A woman’s resentment toward the masses who had hounded her father and mother to their deaths and the smallpox virus’s resentment toward the human ingenuity that had driven it to the brink of extinction had fused together in the body of a singular person named Sadako Yamamura, and had reappeared in the world in an unexpected, unimagined form.

Asakawa, his family, everybody who had seen the video, had been subconsciously infected with this virus. They were carriers. And viruses burrowed directly into the genes, the core of life.
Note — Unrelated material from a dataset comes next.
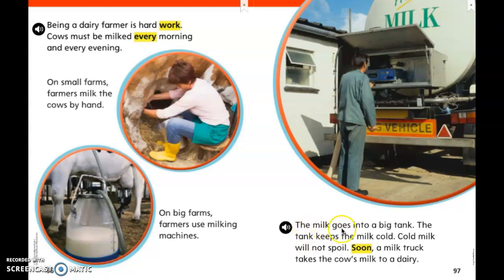The milk goes into a big tank. The tank keeps the milk cold. Cold milk will not spoil. Soon, a milk truck takes the cow's milk to a dairy.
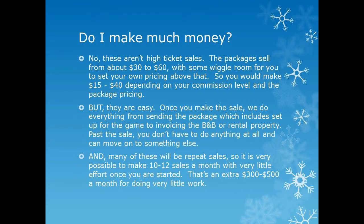You're interested in how you make money on this — I'll admit this is not the highest-priced ticket you can sell. The packages usually run from about $30 to $60, with some wiggle room if you set your own pricing above that, depending on how many people they have. You'd make about $15 to $40 depending on your commission level and the package price. They are very easy — once you make the sale you don't do anything. We set it up, we send it to them, and you're done.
There was no telling yet what would result from this, how it would change human history- human evolution.

In order to protect my family, I am about to let loose on the world a plague which could destroy all mankind.

Asakawa was frightened by the essence of what he was trying to do. A voice was whispering to him.

If I let my wife and daughter die, it’ll end right here. If a virus loses its host, it’ll die. I can save mankind.

But the voice was too quiet.

He entered the Tohoku Highway. No congestion. If he kept going, he’d be there in plenty of time. Asakawa drove with his arms taut and both hands clutching the wheel. “I won’t regret it. My family has no obligation to sacrifice themselves. There are some things you just have to protect when they’re threatened.”

He spoke loud enough to be heard over the engine, to renew his determination. If he were Ryuji, what would he do? He felt sure he knew. Ryuji’s spirit had taught him the secret of the video. It was practically telling him to save his family. This gave him courage. He knew what Ryuji would probably say. Be true to what you’re feeling this instant! All we have in front of us is an uncertain future! The future’ll take care of itself. When humanity gets around to applying its ingenuity, who knows if it won’t find a solution? It’s just another trial for the human species. In every age, the Devil reappears in a different guise. You can stamp it out, and stamp it out, and he’ll keep coming back, over and over.

Asakawa kept his foot steady on the accelerator and the car pointed toward Ashikaga. In his rear-view mirror he could see the skies over


Tokyo, receding into the distance. Black clouds moved eerily across the skies. They slithered like serpents, hinting at the unleashing of some apocalyptic evil.